So, it's definitely something moving forward - that finding that balance of like, you of course spending time with the person that you're dating, but also [with] my friends [who] are so crucial and important to the person that I am today. It would be so cruel of me to just not even have them be a part of my life.

Shelby: Don't sacrifice your friends on the altar of romance.

Bela: Yes, yes.

Shelby: It’s something I've said before. Of course, you want to spend time with your boyfriend or girlfriend. Of course you do. But a lot of that kind of stuff can be really avoided too, if you're intentional about communication with the person you're dating.

Bela: Oh yes.

Shelby: If you are, “Hey listen, just because I want to spend time with my friends doesn't mean I don't like you.” And again, some people need to hear that because they're insecure or whatever. I needed to hear that I think. That was one of the things that was unique about my time dating my wife, as opposed to other people that I dated. We just talked about stuff, and then we acted on what we said. We didn't play games. We didn't like manipulate.

Reagan & Bela: Right.

Shelby: We said, “This is what we're going to do.” And then we actually did it. I was like, I was never wondering, and it wastes so much time wondering about those kind of things. When you talk about things and have healthy communication with one another, and then you actually follow through with the things that you talk about. Then that builds trust.

Then People don't wonder, like, “Oh my gosh, like, do they like me anymore?” Because there was a girl I dated when I was in college, I was like, literally every day I would think, “Does she like me today?” Because she's acting like this, and she's not responding to this. And then like, then she would be really like, lovey-dovey the next day, and I'd be like, “Oh, she likes me today.”

I'm like, looking back on it now, I'm just like, what a horrible relationship that was. It was so horrible. Like, if we would have just talked about stuff. But I mean, you learn through failure.

Bela: Absolutely yes.

Shelby: So, I appreciate you being vulnerable about that.

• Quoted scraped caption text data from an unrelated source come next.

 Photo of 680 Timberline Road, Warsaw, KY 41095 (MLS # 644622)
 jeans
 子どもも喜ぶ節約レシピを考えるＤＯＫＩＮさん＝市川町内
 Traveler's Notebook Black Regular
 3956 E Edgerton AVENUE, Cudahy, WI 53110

Yes, guys are obviously good friends. What do you think the difference is between a good friend and a great friend, can you give me some characteristics?

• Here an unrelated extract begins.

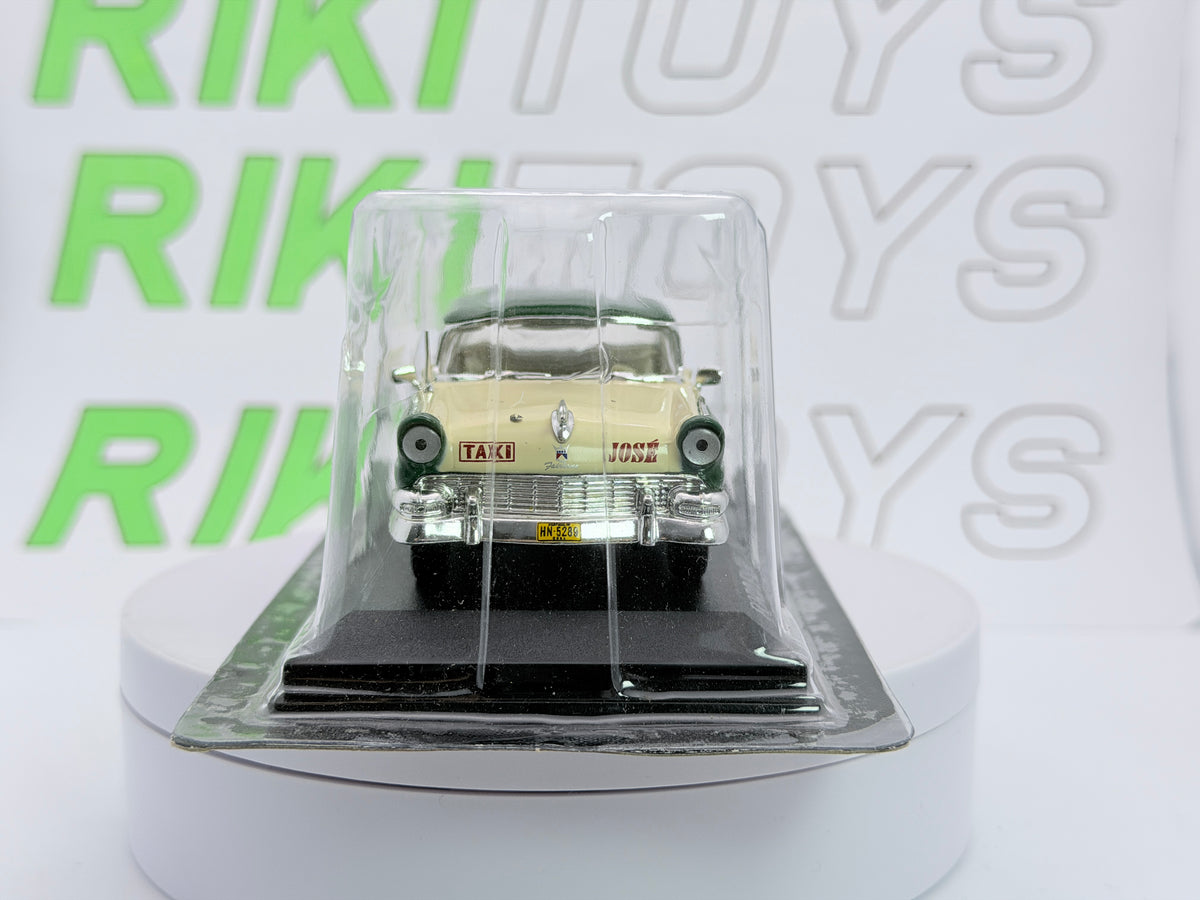 Ford Fairlane Taxi Edicola 1/43 Verde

Reagan: I think one thing for me that I've found was a lot of my friends growing up weren't believers. I had friends at church, but my closest friends in the inner circle weren't. And some of them are still some of my best friends, and they still aren't [believers].

There's just such a difference in my relationships with my friends who are also living with Christ. I have some people in my life who are not hostile towards Christianity. But, if you're not living for the Lord, if you're living for self, like even if like you're still like a super moral person, there's just still like a difference and it outpours into your relationships.

And so, I think that there's just like a depth to my friendships, especially with like Dylan and Bela and some of the girls, that I keep in touch with throughout the year. Where I've never ever experienced that intimate of like fellowship with other believers before.

Shelby: Yes.

Reagan: Where it's like, it's not, that's not all we talk about, there's plenty of other things, like doing life together. And I know like they're constantly going to be pointing me back to Christ. And so, it's like they see me and know me in a much deeper way than any other friendships I've experienced, because like they're looking at me with Christ at the center.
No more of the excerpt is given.